Starring: Clive Owen, Clarice Van Houten, Kerry Fox, Ella Purnell
Working on movie sites for the last couple of years, it is rare that I come accross a film that received a wide release in theatres, but where I know next to nothing about it. Enter last year’s Intruders, about which I knew that it starred Clive Owen and was possibly/probably a thriller. Maybe it had an intruder too.
With the opening 10 minutes concerning itself with Juan, a Spanish boy and his nightmares of a supernatural being who enters his room each night called Hollow Face, I was a little confused as to whether I had put the right disc in the machine. Having checked twice, I decided to Google the film to see if somewhere I had been misled.
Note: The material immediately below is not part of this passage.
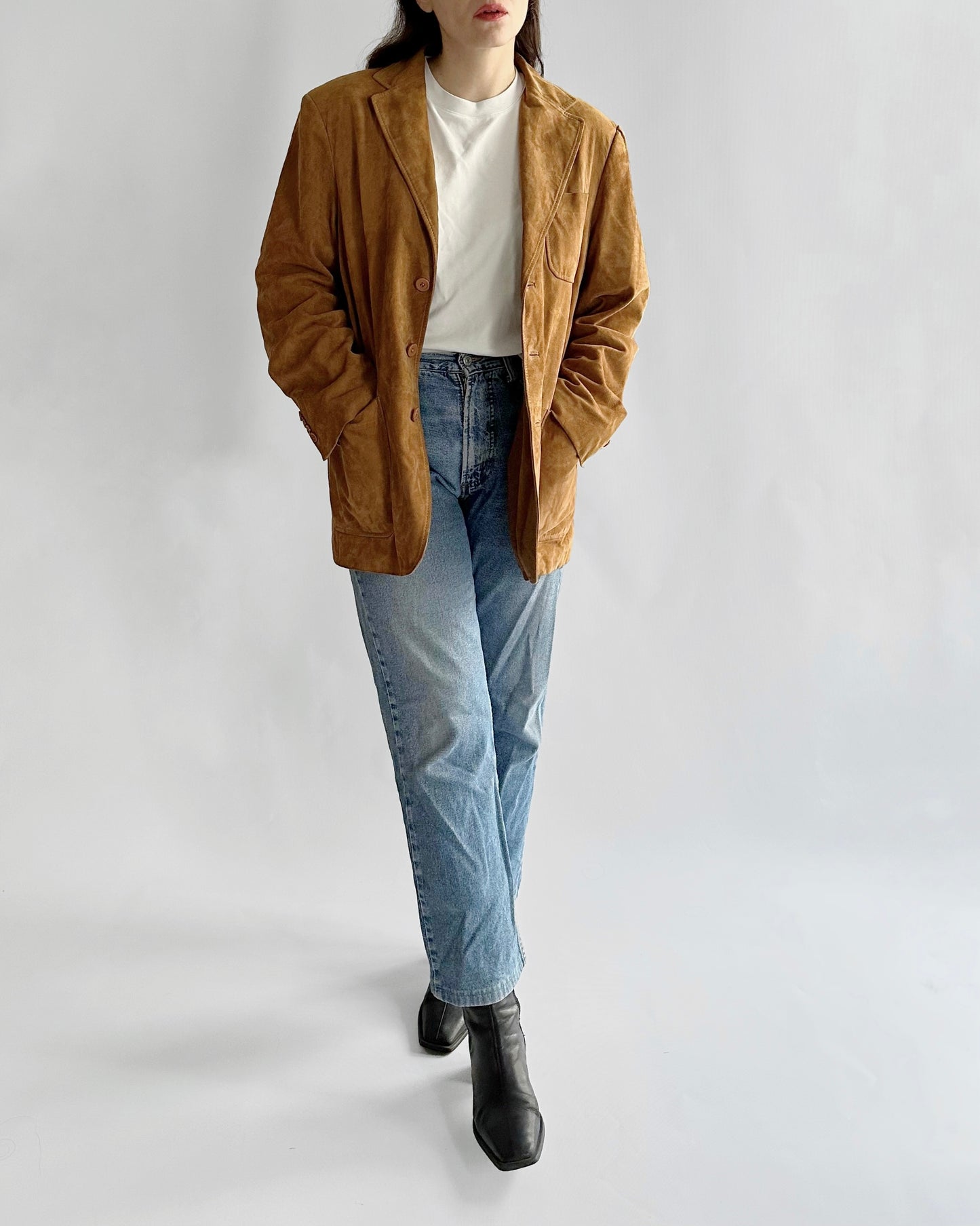 2000s Camel Goatskin Suede Blazer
Nope, ok it’s definitely the movie starring Clive Owen but, ah , yes, I see, it’s a Spanish film directed by Juan Carlos Fresnadillo, of 28 Weeks Later fame. This now makes sense. But, hang on, why are we still in Spain? And what does this kid’s nightmare have to do with our main character?
Here we go, we’re now in London, and here’s Clive Owen sat on top of a building site having a pretty forced discussion with one of his workers. This doesn’t sound like any discussion that has ever passed between two guys. Gosh darn this is bad dialogue, I hope that this is just one of those films that takes time to kick in.
Nope, half hour in and still very slow. Oh look , he’s got a family and it’s his daugher’s birthday. Now we are talking, this is where we start to see everything come together. Except, why does it seem there is no chemistry between these actors, and it looks like Clive has literally just met them for the first time in his life. And why does his daughter follow that cat for no reason? That couldn’t possibly be an unnecessary plot device that would never happen in real life, would it?
Enough with the running commentary, if you haven’t guessed by now, this wasn’t a hidden gem that surprised me with it’s original storyline, amazing acting and stunning directing.
Owen is an actor I usually like, although his technique isn’t always perfect, he has a great screen presence. Yes, there were moments here where he was pretty good, usually the parts he was angry, but overall he was lost in a sea of bad writing.
And yes, some of the scenes were well directed by Fresnadillo, using effective imagery, such as when Owen and his daughter, played by Purnell, see Hollow Face for the first time walking out of a dark closet.
Overall this was one of the dullest movie experiences I have had in a while. In fact, it is remarkable how it was a supernatural story, that actually had nothing to do with anything supernatural at all.
The story of Juan and how he connected to Clive Owen’s family did at least keep me interested until the end, but after 90 minutes of watching this, any ending would have been greated with thanks.
Filled with bad cliches, terrible plot devices and mediocre performances, this is defintely one I recommend you don’t let in the house.